> WHAT YOU WILL DO
Without changing a word, copy every line of the listing below and leave out the images.

> THE DATA

---*---

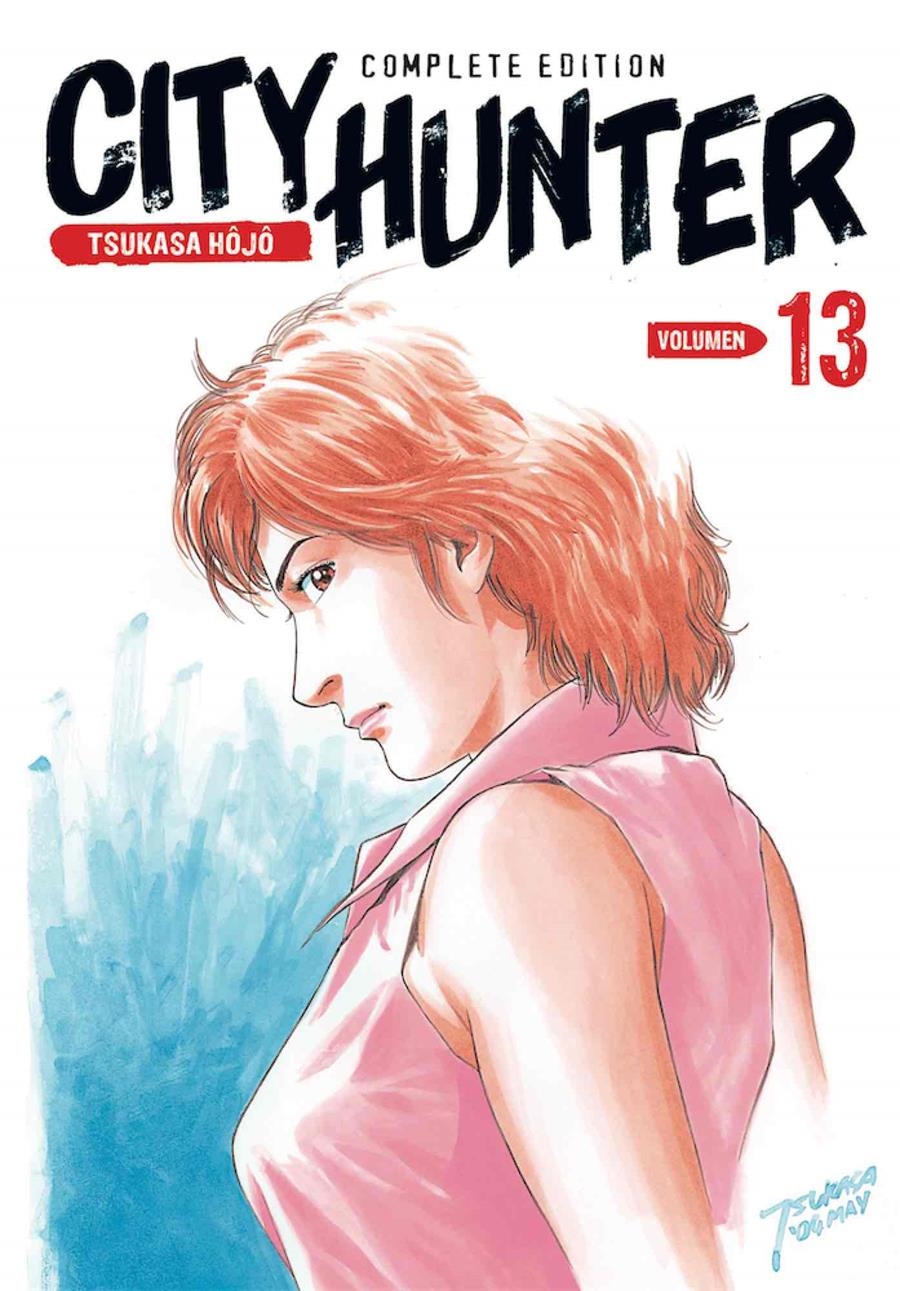 CITY HUNTER 13 | 9788419296504 | TSUKASA HOJO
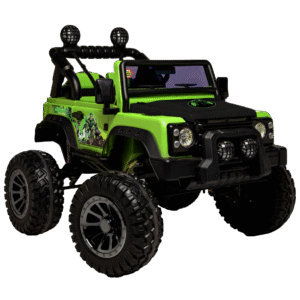 Jeep Adventure SHP Toys
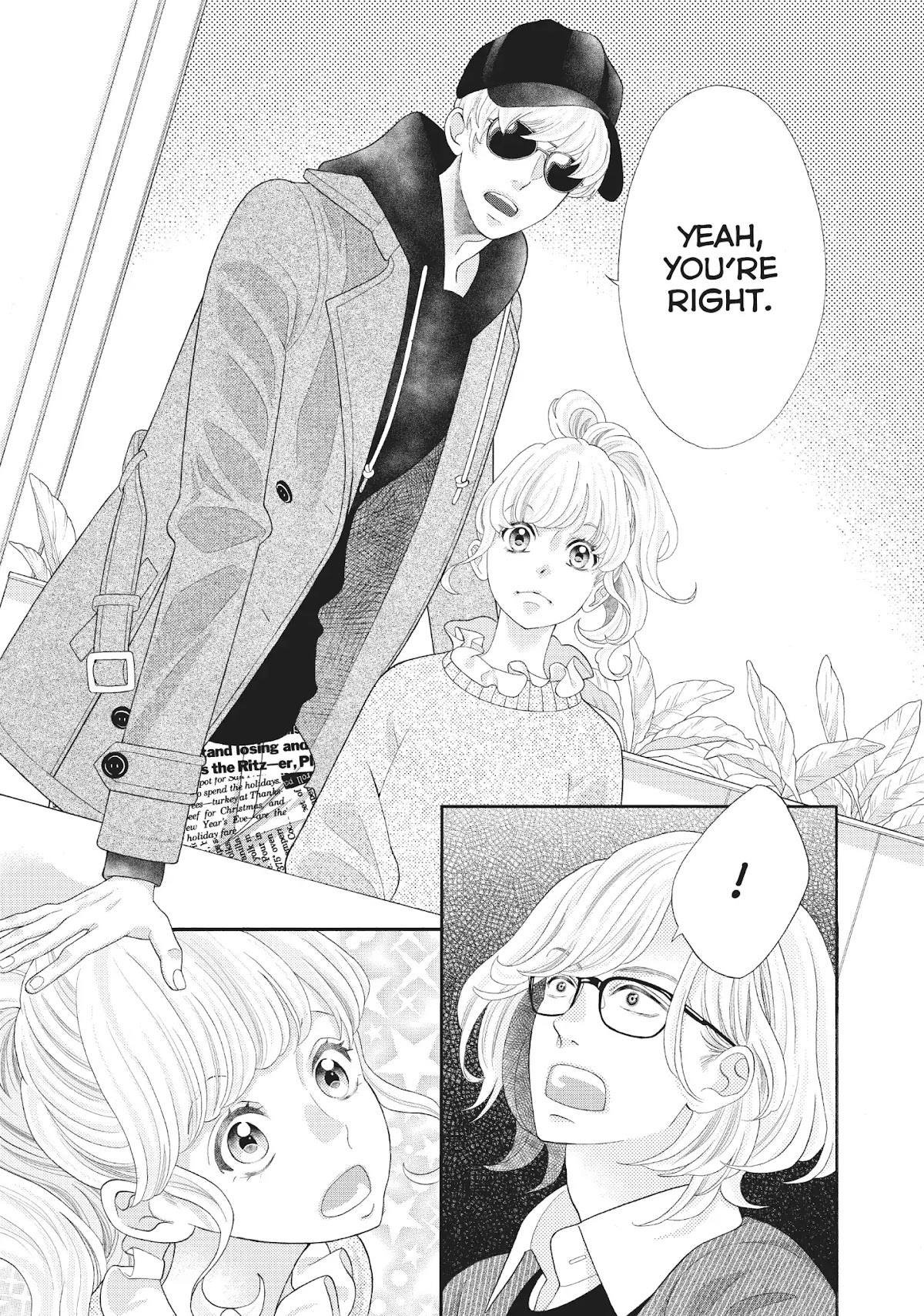 Gozen 0-ji, Kiss Shi ni Kite yo Chapter 29 page 27 - Chapter 29: Vol.8 STORY.29: The Plan Is Very Simple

---*---

> OUTPUT OF THE TASK
 CITY HUNTER 13 | 9788419296504 | TSUKASA HOJO
 Jeep Adventure SHP Toys
 Gozen 0-ji, Kiss Shi ni Kite yo Chapter 29 page 27 - Chapter 29: Vol.8 STORY.29: The Plan Is Very Simple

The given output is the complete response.